*** Opening Extracted material ***
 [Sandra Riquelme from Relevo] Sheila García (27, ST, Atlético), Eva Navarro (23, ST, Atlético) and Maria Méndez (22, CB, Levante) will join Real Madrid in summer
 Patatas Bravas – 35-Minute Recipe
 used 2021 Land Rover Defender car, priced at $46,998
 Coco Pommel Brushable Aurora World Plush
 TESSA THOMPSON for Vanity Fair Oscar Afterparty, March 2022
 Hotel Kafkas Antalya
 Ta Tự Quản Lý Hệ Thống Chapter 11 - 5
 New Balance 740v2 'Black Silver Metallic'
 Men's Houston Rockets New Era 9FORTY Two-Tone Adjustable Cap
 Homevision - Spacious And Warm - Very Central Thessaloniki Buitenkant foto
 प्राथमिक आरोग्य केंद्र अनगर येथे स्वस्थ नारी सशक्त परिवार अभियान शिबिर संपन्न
*** Closing Extracted material ***
Repeat the entries exactly, all of them.

 [Sandra Riquelme from Relevo] Sheila García (27, ST, Atlético), Eva Navarro (23, ST, Atlético) and Maria Méndez (22, CB, Levante) will join Real Madrid in summer
 Patatas Bravas – 35-Minute Recipe
 used 2021 Land Rover Defender car, priced at $46,998
 Coco Pommel Brushable Aurora World Plush
 TESSA THOMPSON for Vanity Fair Oscar Afterparty, March 2022
 Hotel Kafkas Antalya
 Ta Tự Quản Lý Hệ Thống Chapter 11 - 5
 New Balance 740v2 'Black Silver Metallic'
 Men's Houston Rockets New Era 9FORTY Two-Tone Adjustable Cap
 Homevision - Spacious And Warm - Very Central Thessaloniki Buitenkant foto
 प्राथमिक आरोग्य केंद्र अनगर येथे स्वस्थ नारी सशक्त परिवार अभियान शिबिर संपन्न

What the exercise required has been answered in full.